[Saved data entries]
◆ ◆ ◆ ◆ ◆ ◆ ◆
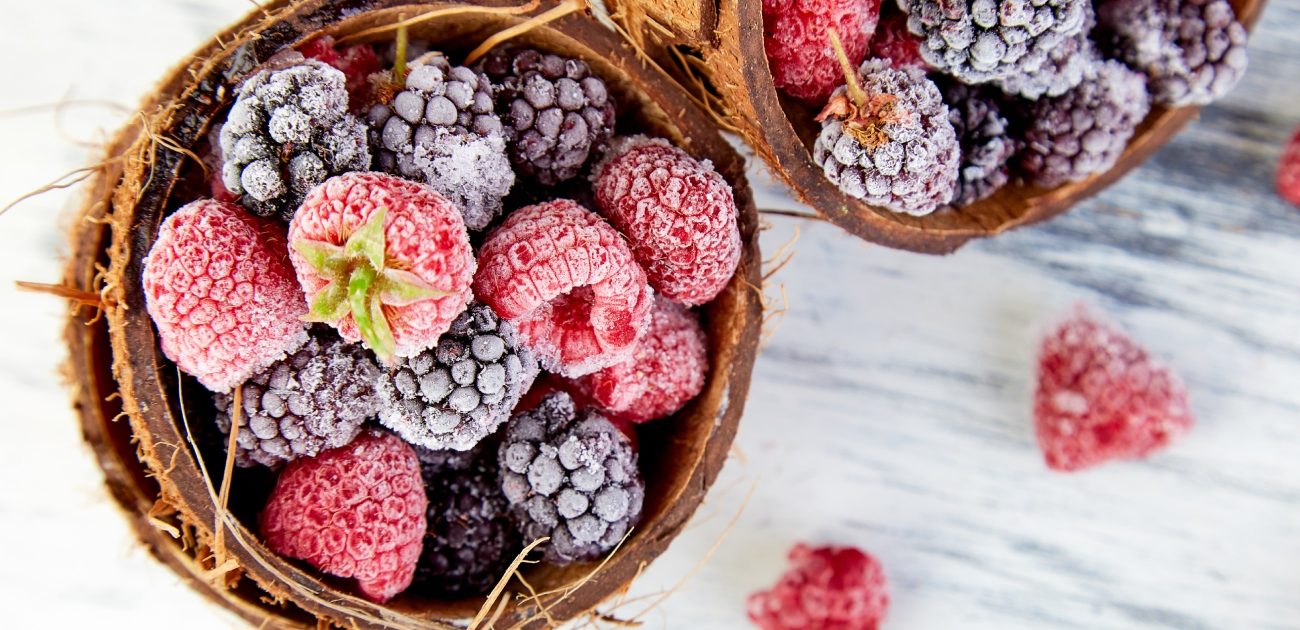 يمكنكم تحضير ألذ عصير توت باستخدام التوت المجمد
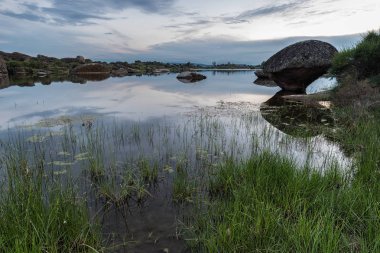 Barruecos 'un doğal bölgesinde gün batımı. Extremadura. İspanya.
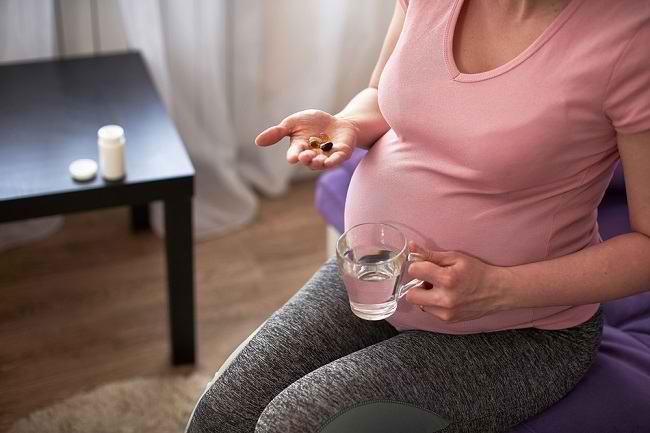 Опасностите от излишък на витамин А по време на бременност и как да го предотвратим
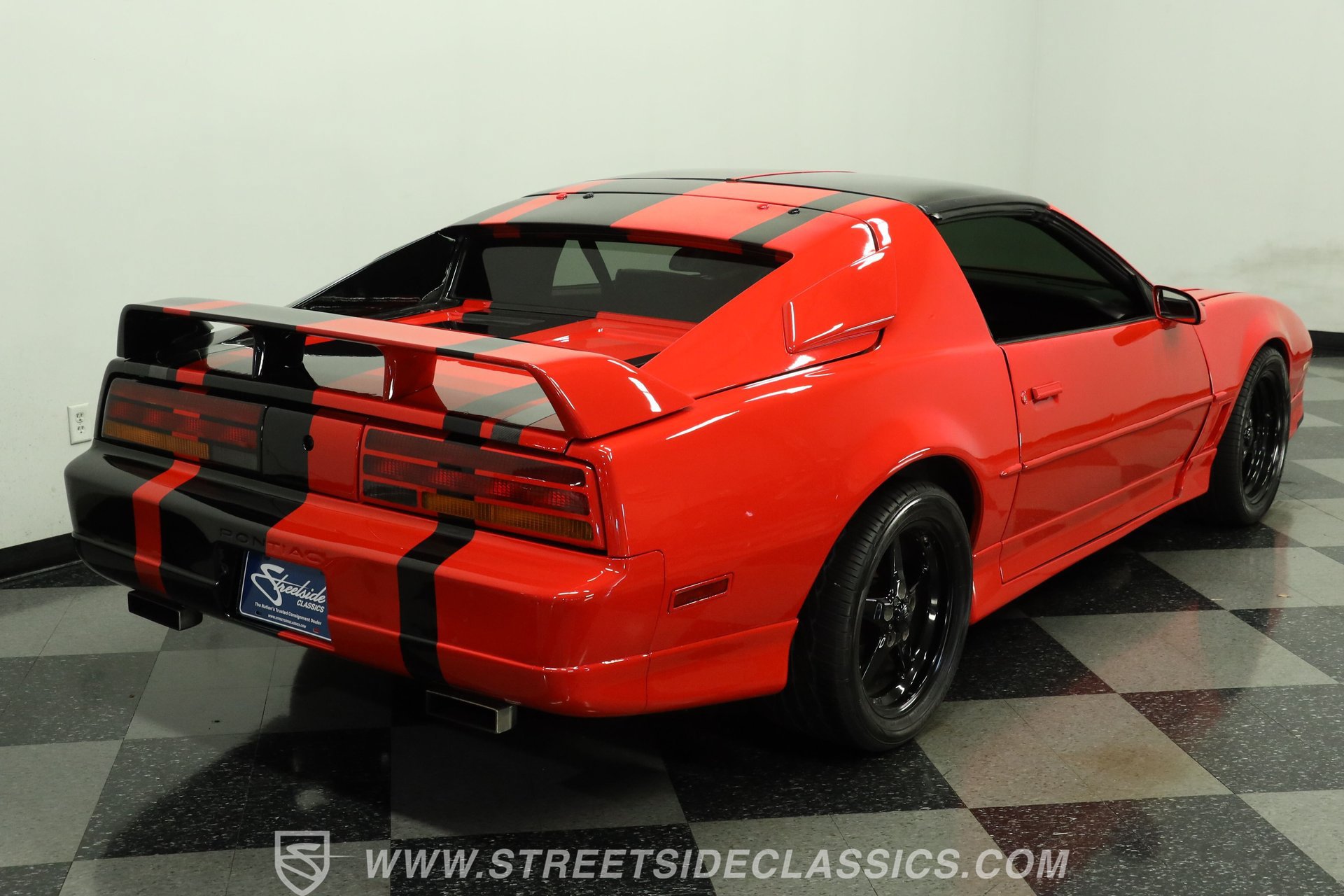Used 1989 Pontiac Firebird Trans Am RWD image 11
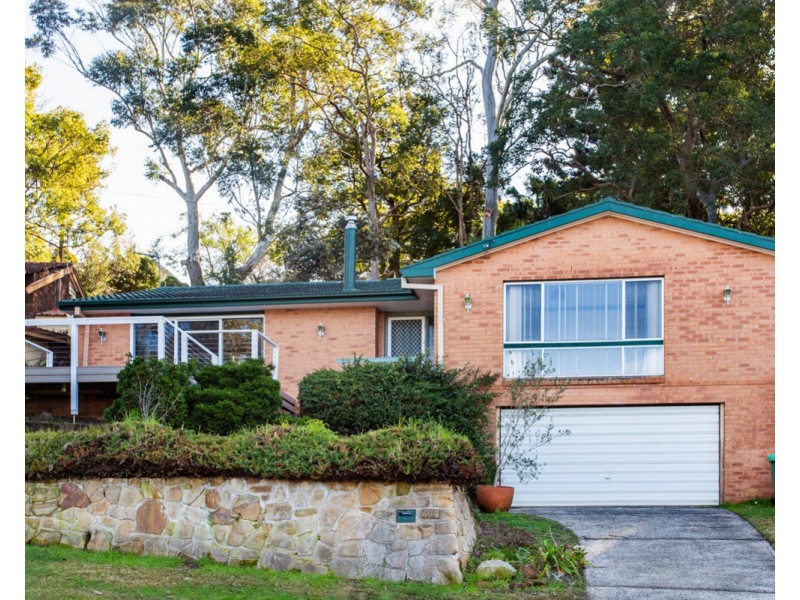 33 Gregory Street, Wyoming NSW 2250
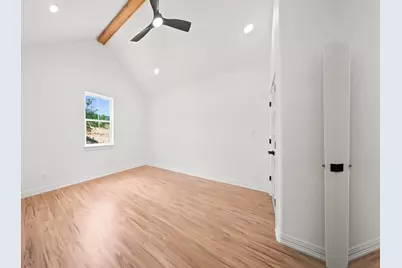 980 Anglers Point, Bluff Dale, TX 76433 - Photo 29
◆ ◆ ◆ ◆ ◆ ◆ ◆
§ **Required work**: Exclude all images and retype the data precisely.

§ **Output of the task**:
 يمكنكم تحضير ألذ عصير توت باستخدام التوت المجمد
 Barruecos 'un doğal bölgesinde gün batımı. Extremadura. İspanya.
 Опасностите от излишък на витамин А по време на бременност и как да го предотвратим
Used 1989 Pontiac Firebird Trans Am RWD image 11
 33 Gregory Street, Wyoming NSW 2250
 980 Anglers Point, Bluff Dale, TX 76433 - Photo 29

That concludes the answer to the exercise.